Task: Every entry in the data is to be written out exactly; no picture belongs in the copy.

Image-text web data
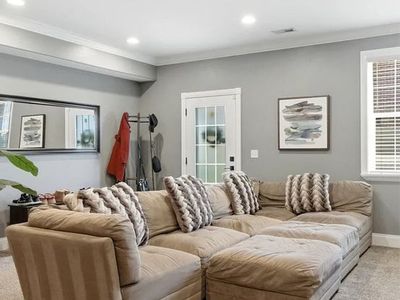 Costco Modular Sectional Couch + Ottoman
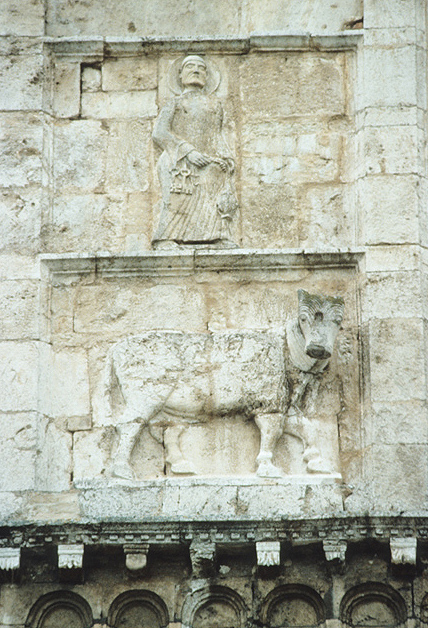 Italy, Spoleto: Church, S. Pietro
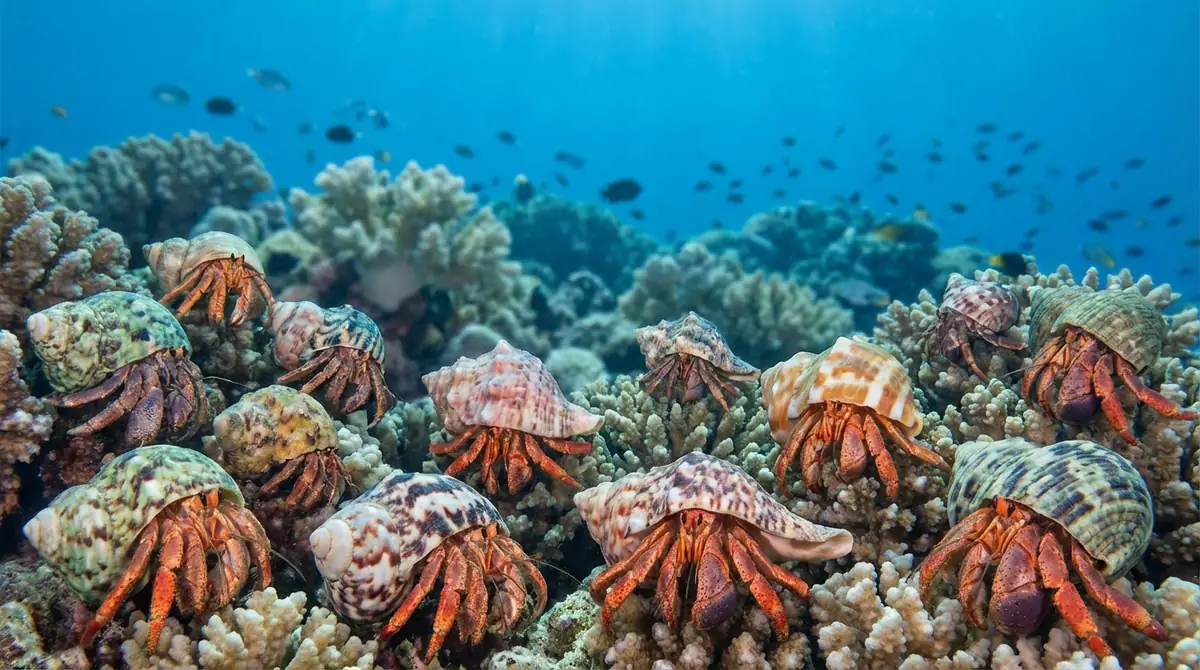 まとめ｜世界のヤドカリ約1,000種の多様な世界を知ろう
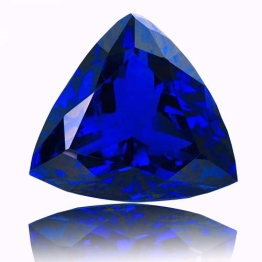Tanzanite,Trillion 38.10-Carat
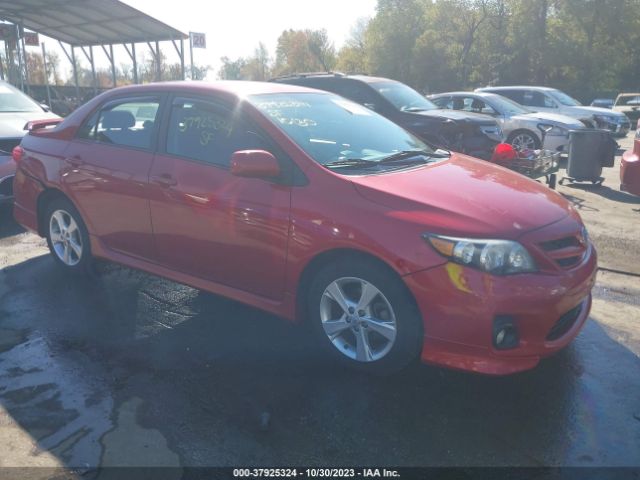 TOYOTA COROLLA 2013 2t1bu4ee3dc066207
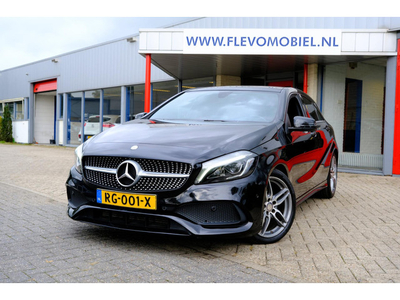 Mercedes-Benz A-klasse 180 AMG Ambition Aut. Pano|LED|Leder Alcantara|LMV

Answer section:
 Costco Modular Sectional Couch + Ottoman
 Italy, Spoleto: Church, S. Pietro
 まとめ｜世界のヤドカリ約1,000種の多様な世界を知ろう
Tanzanite,Trillion 38.10-Carat
 TOYOTA COROLLA 2013 2t1bu4ee3dc066207
 Mercedes-Benz A-klasse 180 AMG Ambition Aut. Pano|LED|Leder Alcantara|LMV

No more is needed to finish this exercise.